To raise student awareness, Queen’s has distributed a specially designed flyer on the doorknobs of 900 houses in the student area. It includes a checklist for disposing of items and a contact list of local charities, including the Ontario March of Dimes, Salvation Army, Enviroworks, The Canadian Diabetes Association and the Partners in Mission Food Bank. Charities will pick up large items in advance.
The Salvation Army will also be parking a truck in Victoria Park on April 30 and May 1 to collect “gently-used” articles.

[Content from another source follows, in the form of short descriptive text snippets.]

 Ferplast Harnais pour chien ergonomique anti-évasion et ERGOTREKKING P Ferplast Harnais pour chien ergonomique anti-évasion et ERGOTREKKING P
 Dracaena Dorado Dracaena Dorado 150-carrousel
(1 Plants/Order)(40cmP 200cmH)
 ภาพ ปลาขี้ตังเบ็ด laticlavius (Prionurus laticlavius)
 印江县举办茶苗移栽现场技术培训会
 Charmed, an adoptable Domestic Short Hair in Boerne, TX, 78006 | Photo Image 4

“Donations of clothing and large articles from Queen’s during student move-out are a tremendous asset to us,” says Thrift Store Manager Sharon Peterson. “Last year we broke record sales from large articles collected on the Saturday, and sales were boosted throughout the year from clothing that took a while to sort. We look forward to participating both days this year.”
In addition, Queen’s Community Outreach Coordinator Marija Linjacki visited students in their near-campus homes recently, chatting and distributing plastic bags for the Salvation Army clothing drive along with exam tools such as free beverages on and off campus and free movie rentals that promote taking a break.

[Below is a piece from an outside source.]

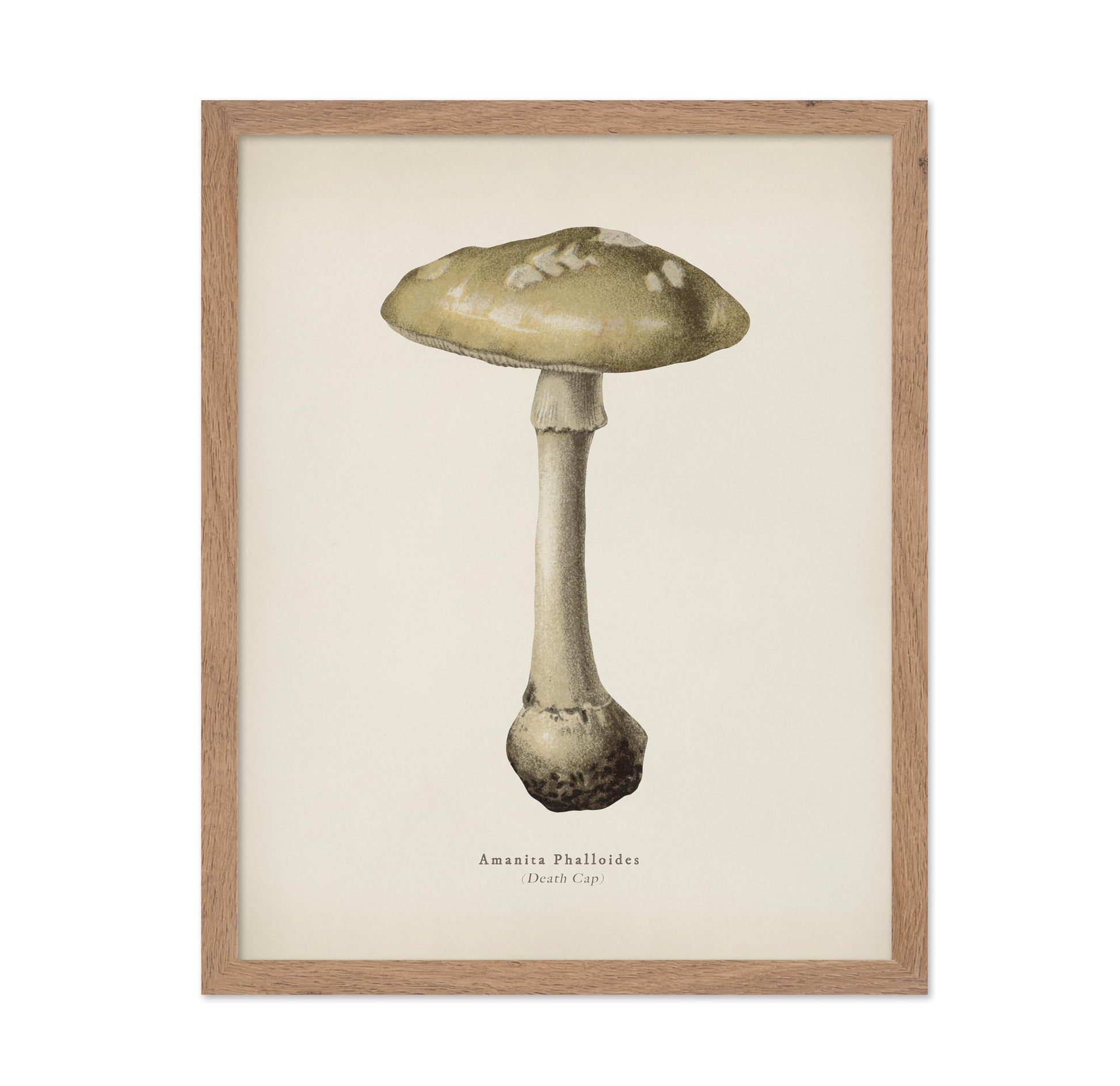Death Cap Mushroom No2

“Students are studying and writing exams sometimes up to just before their move,” says Ms Linjacki. “Trash left behind often consists of gently-used clothing that can be recycled, so the plastic re-cycling bags for clothing donations to the Salvation Army may encourage students to take a break, plan ahead and not leave all the details of moving to the last moment.”
A letter, distributed to 1,500 property owners in the student neighborhood, reminds landlords of the bylaws in place to keep the city safe and clean of debris. The letter also provides homeowners living in the neighbourhood with a phone number to report violations of these bylaws.
“We’re reminding landlords of their responsibilities to keep the neighbourhood clean,” says Steve Murphy, manager of building and property standards for the City of Kingston. “Last year few enforcement measures were required as staff were generally able to work with landlords to meet the 48-hour clean-up period.”
To help ease the transition for the yearly spring exodus of students, the university and the city are trying to raise awareness about garbage, recycling, landfills and property standards, as well as about opening and closing Utilities Kingston accounts. The city of Kingston is running local ads and its website features a special student section at www.cityofkingston.ca/schoolsout. Also, bylaw enforcement officers will be out in full force over the moving days to issue orders and charges under the property standards bylaw.
Queen’s is picking up the $1,500 tab to keep the waste transfer station open extended hours. The transfer station at 62 St. Remy Place (off Dalton Avenue) will be open Sunday April 29 from noon until 4 p.m., Monday April 30 and Tuesday May 1 from 8 a.m. to 8 p.m. Regular tipping fees apply, with a minimum of $12.50 per load.